_Task item_:
Output the data word for word, dropping every image.

_Exercise data_:
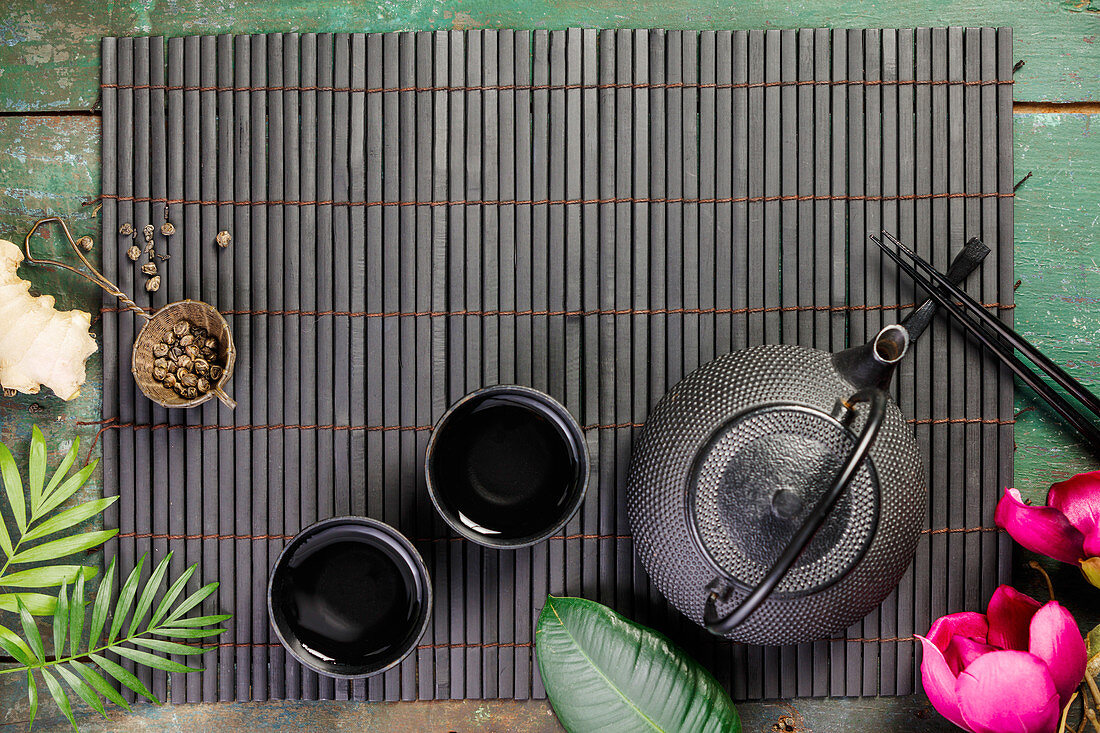 Stillleben mit asiatischer Teekanne und Teebechern auf Bambusmatte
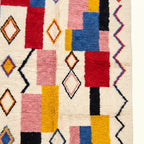 Natural wool texture detail of the ivory multicolor Izem Azilal rug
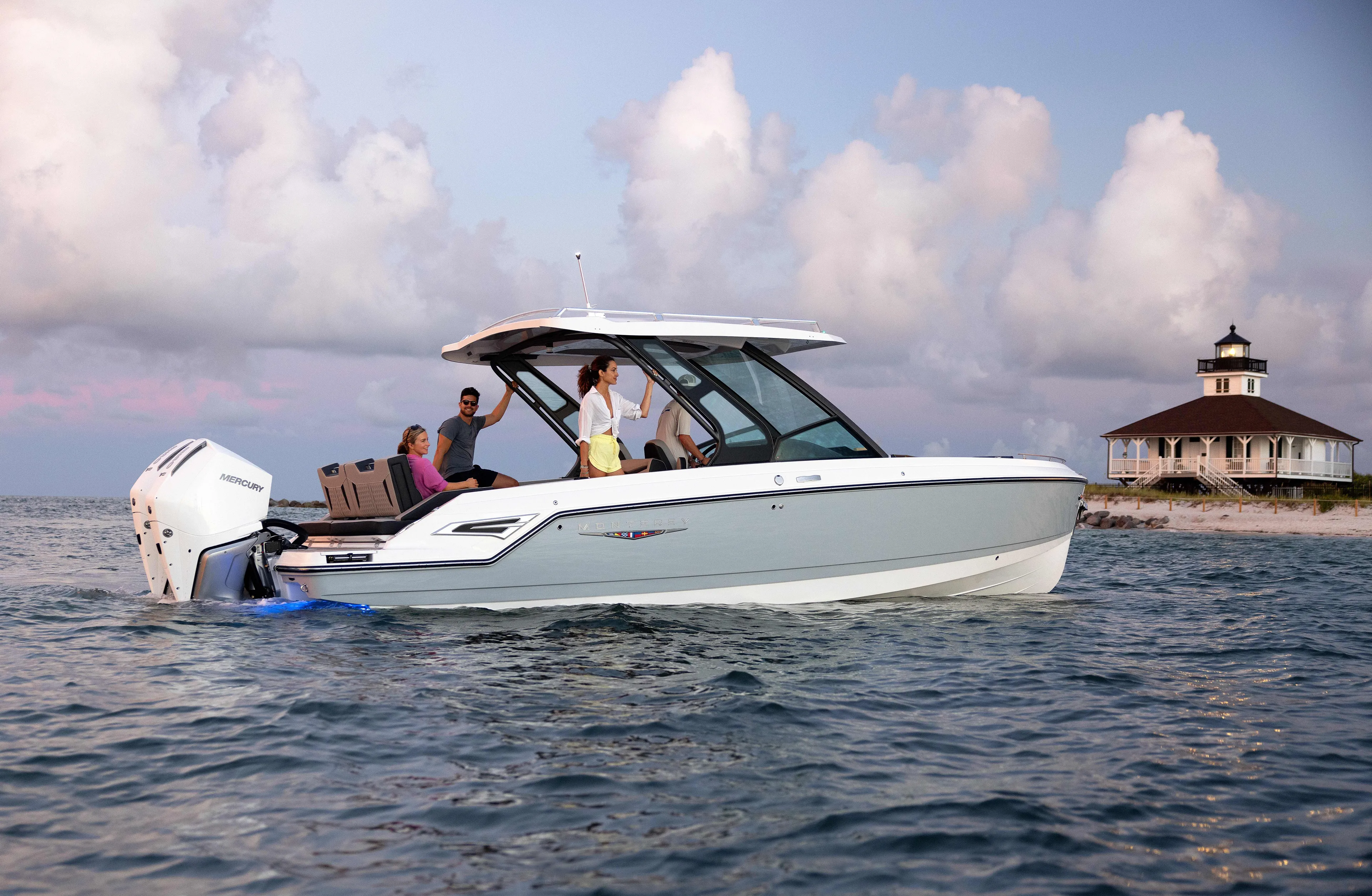  Yacht Photos Pics 2026 Monterey ELITE 30 boat cruising near a lighthouse under a cloudy sky.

_Finished exercise_:
 Stillleben mit asiatischer Teekanne und Teebechern auf Bambusmatte
 Natural wool texture detail of the ivory multicolor Izem Azilal rug
  Yacht Photos Pics 2026 Monterey ELITE 30 boat cruising near a lighthouse under a cloudy sky.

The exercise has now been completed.